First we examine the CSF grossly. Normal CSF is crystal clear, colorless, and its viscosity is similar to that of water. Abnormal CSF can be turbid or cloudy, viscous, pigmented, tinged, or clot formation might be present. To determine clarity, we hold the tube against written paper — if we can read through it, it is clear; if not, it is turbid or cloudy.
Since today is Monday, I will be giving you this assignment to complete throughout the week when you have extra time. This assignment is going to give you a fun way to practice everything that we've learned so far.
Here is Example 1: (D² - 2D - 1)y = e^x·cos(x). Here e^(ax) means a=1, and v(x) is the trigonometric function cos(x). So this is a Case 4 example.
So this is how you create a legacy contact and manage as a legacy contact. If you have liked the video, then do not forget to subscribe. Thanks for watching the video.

--

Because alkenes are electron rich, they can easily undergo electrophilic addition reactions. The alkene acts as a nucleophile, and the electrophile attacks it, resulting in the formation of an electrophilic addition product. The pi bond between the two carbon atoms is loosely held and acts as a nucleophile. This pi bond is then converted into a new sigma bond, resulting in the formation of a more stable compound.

---

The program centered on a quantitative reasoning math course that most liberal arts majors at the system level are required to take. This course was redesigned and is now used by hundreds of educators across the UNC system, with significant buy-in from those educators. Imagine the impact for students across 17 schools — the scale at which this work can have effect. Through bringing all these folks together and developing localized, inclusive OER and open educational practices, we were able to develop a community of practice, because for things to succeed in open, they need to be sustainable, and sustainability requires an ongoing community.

### Exercise requirements
Check each line above for the string "then" and copy every line that has it.

### Problem solution
So this is how you create a legacy contact and manage as a legacy contact. If you have liked the video, then do not forget to subscribe. Thanks for watching the video.
Because alkenes are electron rich, they can easily undergo electrophilic addition reactions. The alkene acts as a nucleophile, and the electrophile attacks it, resulting in the formation of an electrophilic addition product. The pi bond between the two carbon atoms is loosely held and acts as a nucleophile. This pi bond is then converted into a new sigma bond, resulting in the formation of a more stable compound.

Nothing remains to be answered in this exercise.